So when you say politics, it's sort of like that law and order thing. And it doesn't matter who you convict,
Just No, it's about winning. And it's about making sure that I don't end up on a front page of Channel 10 because I did something that maybe I shouldn't have done. And we have to believe every victim and we have to just go along with every, and there's a whole podcast just in that, just in the transformation that I've made over the last six years of looking at how this system is. And frankly, it's broken in my opinion.
I would like to do that by, tell me
When. I'll happily sit down with you. I also had a tendency to run my mouth at the attorney general's office.
Really? I
Know it's shocking that I didn't necessarily get along with everybody. And apparently elected officials don't like being told that they're doing dumb shit. And eventually they came into my office when I had six homicides pending and said that I needed to go to workers' compensation fraud where I was going to be better suited. And I had left shortly thereafter. Good
For USA, good for you and Emily, this case, I know that it had an effect on the direction of your life.
So I did this case. And then I want to say I did one more cold case out of Ashtabula. You
And I tried one or two after this.
Which ones?
We tried the one what they did with all the highlighters.

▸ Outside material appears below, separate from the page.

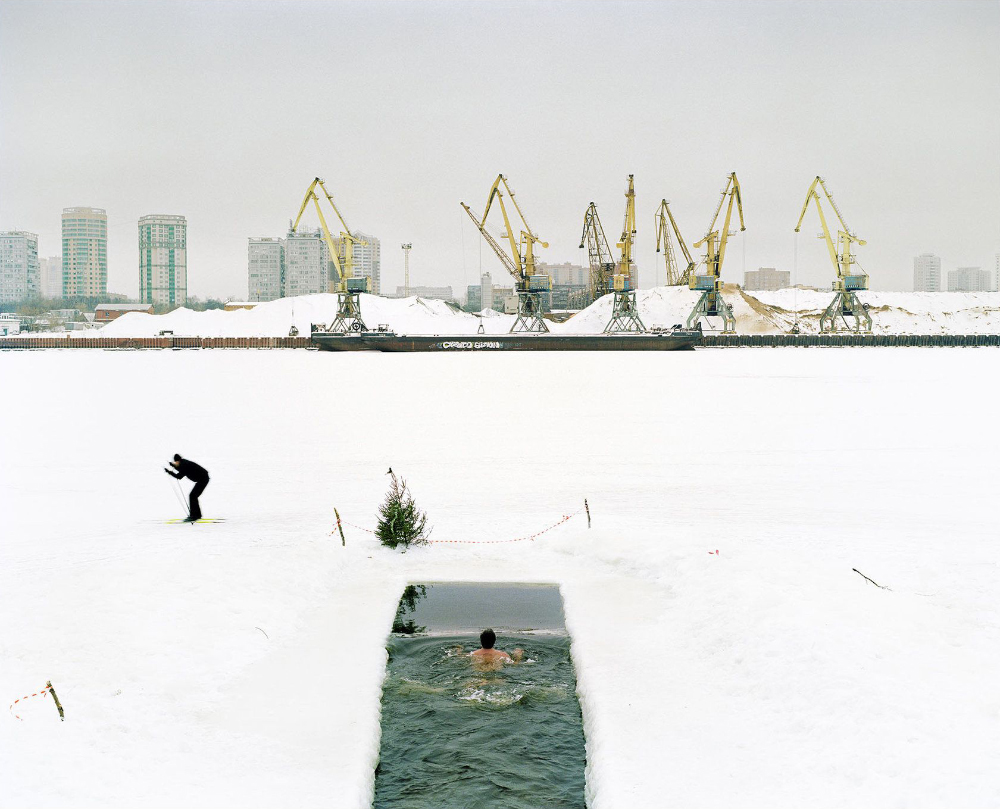 Это одна из фотографий Гронского. Если бы не городские пейзажи, ее легко можно было бы спутать со сценой из «Волка»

Oh yeah, that one. That one, yeah. But for the most part, and then
We
Did there. Yeah. So Theresa Kamsky was a case out of Ashtabula. It was a case that I had pursued through two administrations. It was a cold case. A woman had killed her husband using antifreeze. And my co-counsel at the time had then left the office and I got to the point where I was allowed to indict the case. The family was happy, the detective was great. He was a phenomenal deputy detective up in Ashtabula. And what did that for me is I remember sitting across from the table, and I won't name names, but the elected official telling me that I wouldn't get past Rule 29, which is if the defense makes a motion, after I've presented my case saying, you have not presented enough to even give the jury anything to take back with you, there's no way you can prove this. I don't have to do anything. Just I should win now. And when I was told that, I was like, giddy up, let's go. We're going to do this case. And then after the case, they threw Paul on, I think you were in the ill graces at that point. So they threw him at me as a co-counsel. I'm like, all right, get here. Here we go.
Because it was so horrible working with me
At that. I know we convicted her and they took all the credit for it. And that was probably when the lessons, plus I had two small children. I was ready for a change too. But then I think,
Come on, you didn't enjoy it. When the elected attorney general came down at the verdict for Beasley and sat there and was the one who talked to the media and wouldn't even mention our names for the year and a half that we put in on this case.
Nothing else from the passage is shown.